Следует, впрочем, отметить, что коренную черту сущностного и структурного тождества процессов индивидуального и всеобщего, социального самоосуществления наша схема разделяет с теорией симфонических личностей Карсавина. Как в том, так и в другом случае картина всеединого устроения здешнего бытия представляется в виде иерархической совокупности соборных предличностей (у Карсавина — «симфонических личностей»), каждая из которых содержит в себе то или иное множество других соборных и индивидуальных пред–личностей, и притом все они сущностно и структурно тождественны друг другу. Однако принципиальные расхождения с карсавинской теорией обнаруживаются немедленно, едва мы рассмотрим, какого рода связи устанавливаются между соборными предличностями в этой иерархической совокупности. В системе Карсавина данная связь носит характер жесткого подчинения любой симфонической личности всем «высшим», содержащим ее; симфоническая личность — не более чем один из «моментов», «качествований», «проявлений» высшей симфонической личности. И это — онтологическое подчинение: служить «моментом» высшей личности и есть то единственное, чего требуют смысл и сущность симфонической личности как таковой, ее бытийное самоосуществление. Но совершенно иной характер носят связи между процессами синергирования. Наше наблюдение домостроительства фундаментального стремления позволяет выделить два главных положения, которыми должно определяться отношение предличности к другим пред–личностям:

1) Всякая предличность определяется присущим ей прямым и прямо, без посредничества осуществляемым стремлением к Личности.

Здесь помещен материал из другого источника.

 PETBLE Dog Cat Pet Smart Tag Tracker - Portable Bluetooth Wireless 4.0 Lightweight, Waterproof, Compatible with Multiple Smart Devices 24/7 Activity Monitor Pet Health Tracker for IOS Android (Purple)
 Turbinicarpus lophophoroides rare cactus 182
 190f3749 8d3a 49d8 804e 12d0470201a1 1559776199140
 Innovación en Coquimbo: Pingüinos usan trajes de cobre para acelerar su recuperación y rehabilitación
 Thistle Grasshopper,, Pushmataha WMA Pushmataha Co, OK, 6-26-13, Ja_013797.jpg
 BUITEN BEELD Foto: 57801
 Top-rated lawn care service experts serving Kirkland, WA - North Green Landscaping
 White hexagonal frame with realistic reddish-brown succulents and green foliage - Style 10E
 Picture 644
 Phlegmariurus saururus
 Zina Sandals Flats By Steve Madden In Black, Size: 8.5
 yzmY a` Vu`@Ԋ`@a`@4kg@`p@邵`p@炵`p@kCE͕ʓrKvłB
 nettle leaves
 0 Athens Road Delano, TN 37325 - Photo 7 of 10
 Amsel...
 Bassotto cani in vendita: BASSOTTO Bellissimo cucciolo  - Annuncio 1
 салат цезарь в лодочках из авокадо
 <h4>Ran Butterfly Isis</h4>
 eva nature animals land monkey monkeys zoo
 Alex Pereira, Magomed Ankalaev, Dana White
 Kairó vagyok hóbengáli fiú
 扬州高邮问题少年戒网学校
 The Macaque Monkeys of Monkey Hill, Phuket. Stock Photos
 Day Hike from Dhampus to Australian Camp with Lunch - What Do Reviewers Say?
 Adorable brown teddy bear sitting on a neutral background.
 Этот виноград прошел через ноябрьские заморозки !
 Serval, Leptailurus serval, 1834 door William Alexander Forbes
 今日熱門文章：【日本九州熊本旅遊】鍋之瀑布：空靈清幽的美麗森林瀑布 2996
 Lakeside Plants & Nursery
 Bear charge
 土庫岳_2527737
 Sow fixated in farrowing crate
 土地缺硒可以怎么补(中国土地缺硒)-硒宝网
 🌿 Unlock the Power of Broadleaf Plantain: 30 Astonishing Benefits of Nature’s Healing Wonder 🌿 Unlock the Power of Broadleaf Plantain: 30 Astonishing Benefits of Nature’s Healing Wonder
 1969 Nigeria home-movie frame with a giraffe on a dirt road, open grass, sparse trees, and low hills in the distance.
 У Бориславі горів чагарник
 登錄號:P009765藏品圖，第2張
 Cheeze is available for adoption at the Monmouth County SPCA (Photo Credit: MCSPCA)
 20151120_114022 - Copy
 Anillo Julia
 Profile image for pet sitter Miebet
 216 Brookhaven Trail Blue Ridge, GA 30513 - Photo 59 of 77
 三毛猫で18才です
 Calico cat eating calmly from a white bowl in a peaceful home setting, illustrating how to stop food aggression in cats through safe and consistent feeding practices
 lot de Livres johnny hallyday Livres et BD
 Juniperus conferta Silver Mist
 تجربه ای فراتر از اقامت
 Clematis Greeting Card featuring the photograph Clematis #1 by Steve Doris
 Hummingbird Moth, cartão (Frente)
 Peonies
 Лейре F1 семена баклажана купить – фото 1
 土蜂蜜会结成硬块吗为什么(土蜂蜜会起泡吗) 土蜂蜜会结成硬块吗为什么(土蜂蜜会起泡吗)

2) В осуществлении своего стремления к Личности пред–личность любовью достигает конкретного тождества с «другими» и образует вместе с ними единую соборную предличнюсть.

Как нетрудно заметить, эти изложения представляют собой не что иное, как философскую параллель или попытку философского воспроизведения заповедей Христа (Мф. 22, 37, 39). И, вместе с заповедями, они необычайно далеки от языческой картины чистого иерархического подчинения человека (или любого малого общества) высшим социальным образованиям. Вхождение индивидуальной предличности в состав соборной никоим образом не означает, что синергирование первой подчиняется синергированию второй, становится «моментом» некоего высшего, объемлющего процесса. Напротив. По самому своему определению, как энергия, обращенная прямо и непосредственно к Личности, синергия не может подчиняться никому и ничему в горизонте здешнего бытия. Ее реализация, синергирование, есть внутренняя работа и внутренний процесс, ход которого определяется исключительно лишь взаимодействием энергий человека и Личности и не может находиться в зависимости, тем более, в прямом подчинении у какого бы то ни было другого процесса. Синергирование же соборной предличности имеет место лишь постольку, поскольку это попросту — тот же самый процесс, что и синергирование индивидуальной предличности, расширившейся до вбирания «других» в свою внутреннюю жизнь. Единственный способ достичь соборного синергирования заключается в расширении индивидуальной предличности, а не в ее низведении до статуса подчиненной величины. И в рамках синергийной аналитики икономия социального бытия предстает держащейся на совершенно иных началах, нежели в теории симфонических личностей Карсавина (или в любой другой «органической» или «корпоративной» социальной философии).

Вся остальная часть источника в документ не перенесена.